With the Fourth of July just around the corner, families everywhere are preparing for picnics, pool parties, parades, beach days, and fireworks. While Independence Day is generally a fun-filled day of family activities, it can be challenging to keep toddlers and young children safe.
We will be headed to the festivities in the park in our little town…which stops feeling little when absolutely everyone is in one place! Cue the mini panic attacks and desperate attempts to keep one hand on each kid at all times!
Warm temperatures, crowded parades, overcrowded pools and beaches, and fireworks can put children at risk for injury.
The best way to keep your kids safe, of course, is close supervision at all times.
Below are a few tips to help you keep your toddlers and young children safe this Fourth of July:
Prevent Heat Exhaustion: Soaring temperatures and prolonged periods of sun exposure put toddlers at risk for heat exhaustion. Without proper hydration, toddlers can overheat very quickly and become lethargic. Provide plenty of water, seek shade as much as possible, and take breaks from the festivities to spend time indoors. A cranky toddler is a toddler who needs a break. Pay attention to changes in behavior and demeanor. My kids are really good water drinkers…but sometimes adding a slice of strawberry to the water makes it a little more festive and helps it go down faster.

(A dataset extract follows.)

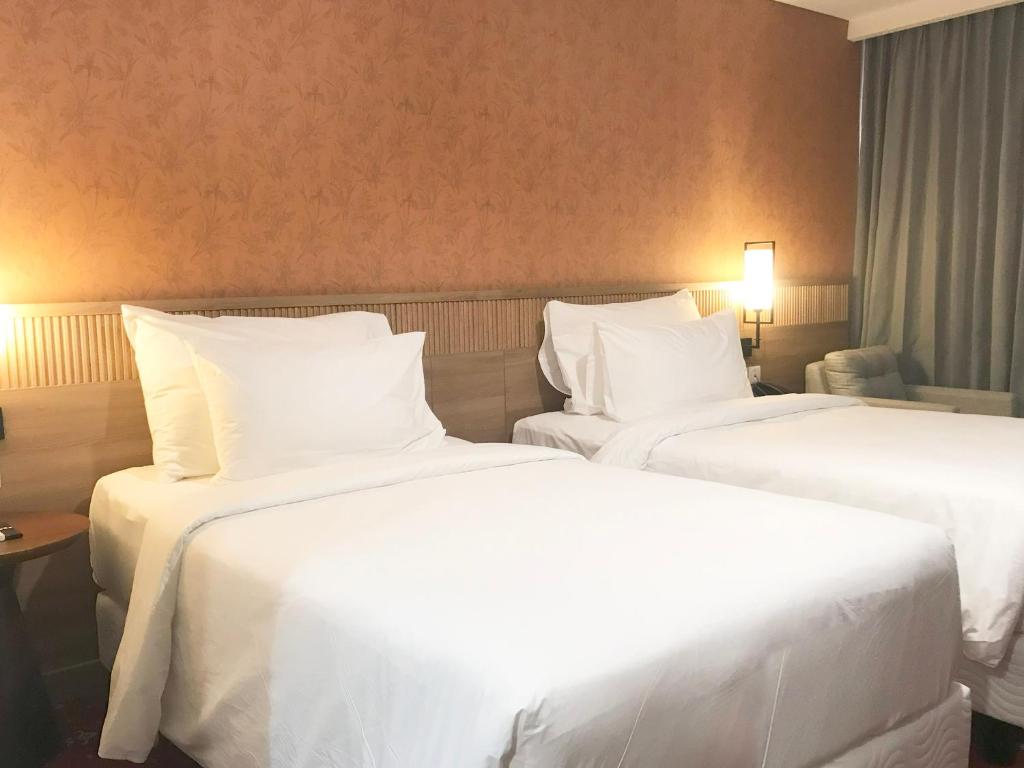 Postel nebo postele na pokoji v ubytování Labersa Hotel & Convention Center Samosir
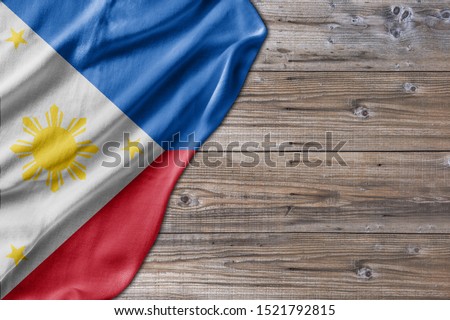 Wooden pattern old nature table board with Philippines flag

Prevent Sunburn: You don’t need the sun to get sunburn. This is especially true for toddlers and young children. Dress your children in light, long sleeved clothing, wide brimmed hats, and apply SPF 30 every two hours. Again, take breaks from the sun to avoid excessive exposure. For the life of me, I can’t get Liam to wear a hat these days…but hats and sunglasses are great and necessary for adequate sun protection.
Practice Swim Safety: Pools and beaches are often overcrowded on the Fourth of July, and children can go under very quickly. Be prepared to keep a very close eye on your toddler. You should always have one hand on a toddler or young child who can’t swim independently while in a pool or the ocean. Floaties do not replace hands on supervision. Brush up on your CPR and rely on one parent per child supervision when possible. Even when a child recovers from being submerged, long-term neurological damage can occur. Don’t take chances. We try to get to our local pool early to avoid the crowd…and who wants to be out during the hottest hours of the day, anyway?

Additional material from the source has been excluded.